El monasterio de Agapia no es muy antiguo: su origen se remonta al siglo XVI, y se dice fue fundado en el valle alto del río del mismo nombre por Gavriil, hermano del príncipe Basilio Lupu, de Moldavia, en 1642. Se conforma por una estructura de ciudadela, rodeada de altas murallas, blanqueadas, con gruesos torreones esquineros sobre los que se alzan cúpulas puntiagudas, con una sola entrada de solemne arquitectura militar que nos permite llegar al espacio central, un patio cuajado de jardines y flores, en cuyo centro se alza la iglesia, de una sola nave, alargada, y con los espacios clásicos de la religión ortodoxa: atrio, nave y altar con su iconostasio. Es realmente impresionante contemplar la pintura del interior de este templo, completamente decorado entre 1858 y 1860 por la genialidad artística de Nicolae Grigorescu, el mejor de los pintores románticos de Rumanía, y que de muy joven ganó el concurso para decorar esta iglesia, pasando luego a consagrarse como pintor de corte.

El iconostasio de la iglesia ortodoxa de Agapia es un ascua de oro.

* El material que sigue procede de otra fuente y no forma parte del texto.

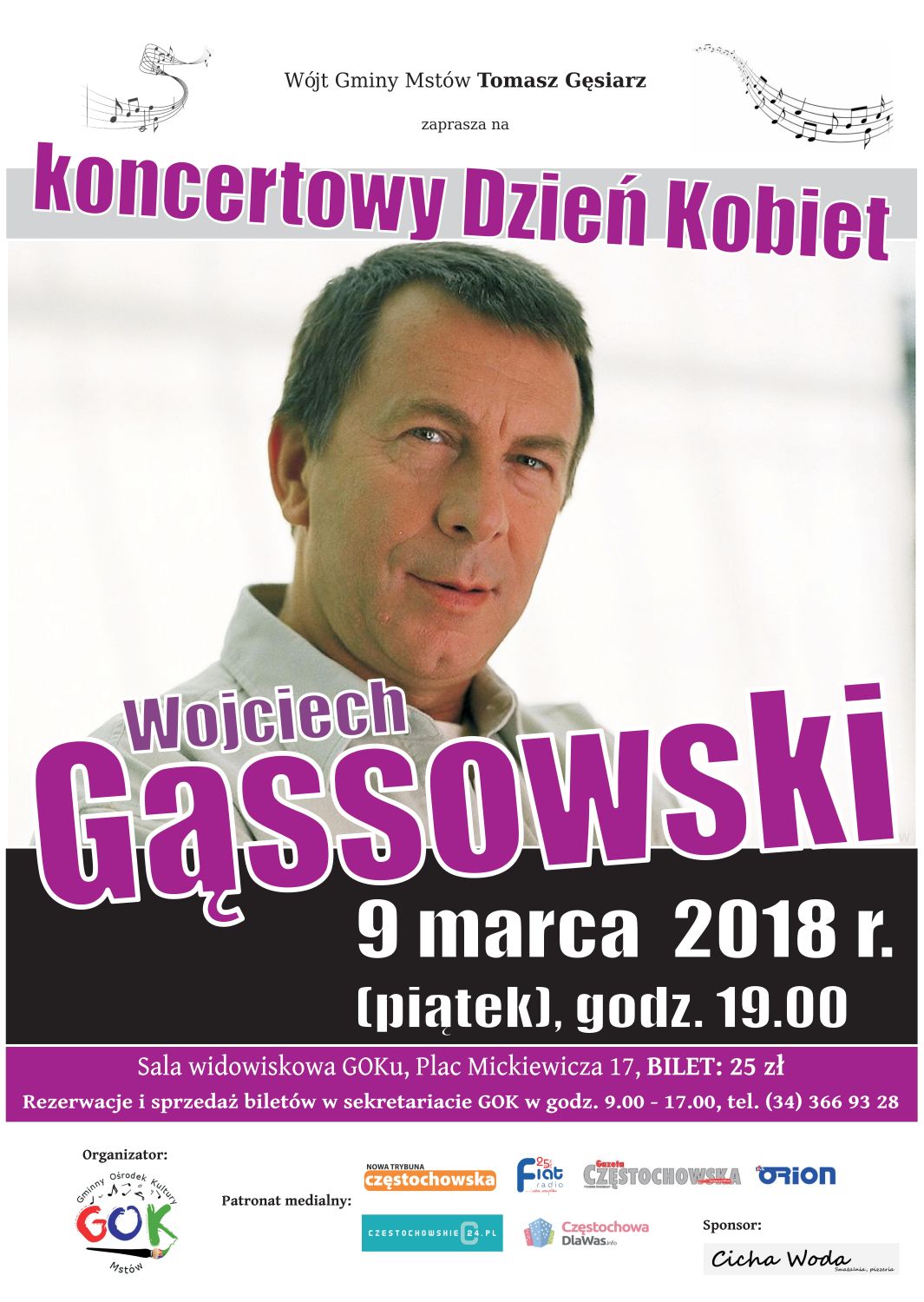 Koncertowy Dzień Kobiet - Wojciech Gąssowski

El patio está rodeado de estancias, galerías, arcadas y puertecitas, todo limpio e inmaculado, que son las celdas (hay cientos…) de las monjas. Estas se cruzan con nosotros, ocupadas cada una en lo suyo, algunas muy ancianas, otras jóvenes y decididas, muchas novicias, que corretean cogidas del brazo y sonrientes. A las 6 de la tarde, sale la monja avisadora que va tañendo lentamente, solemnemente, su campana de madera (un largo tranco que aporrea con un mandoble y produce una sonoridad vibrante, muy dulce) avisando a todas que llega el momento de la oración, de dejar sus tareas y acercarse al templo. Probablemente lo hagan en varios turnos, porque en la iglesia no cabrían tantas.
Admirados, hablando en siseos, después de hacer muchas fotografías de esas que sabemos son “robadas” a la intimnidad de un lugar tan santo, remoto y ancestral, nos retiramos porque el monasterio de Agapia va a cerrarse a las visitas. Muy pocas hubo ese día, y según nos dijeron muy pocas s eproducen a lo largo del año, porque no es conocido el lugar, está demasiado lejano de todo, y este tipo de vida ya no interesa a nadie. Nosotros quedamos emocionados de haber podido llegar a Agapia, en lo más recóndito de las montañas de Moldavia, y haber tenido la oportunidad de vivir una tarde observando y aprendiendo de estos modos de vida, que parecen estar, todavía, anclados en la remota antigüedad.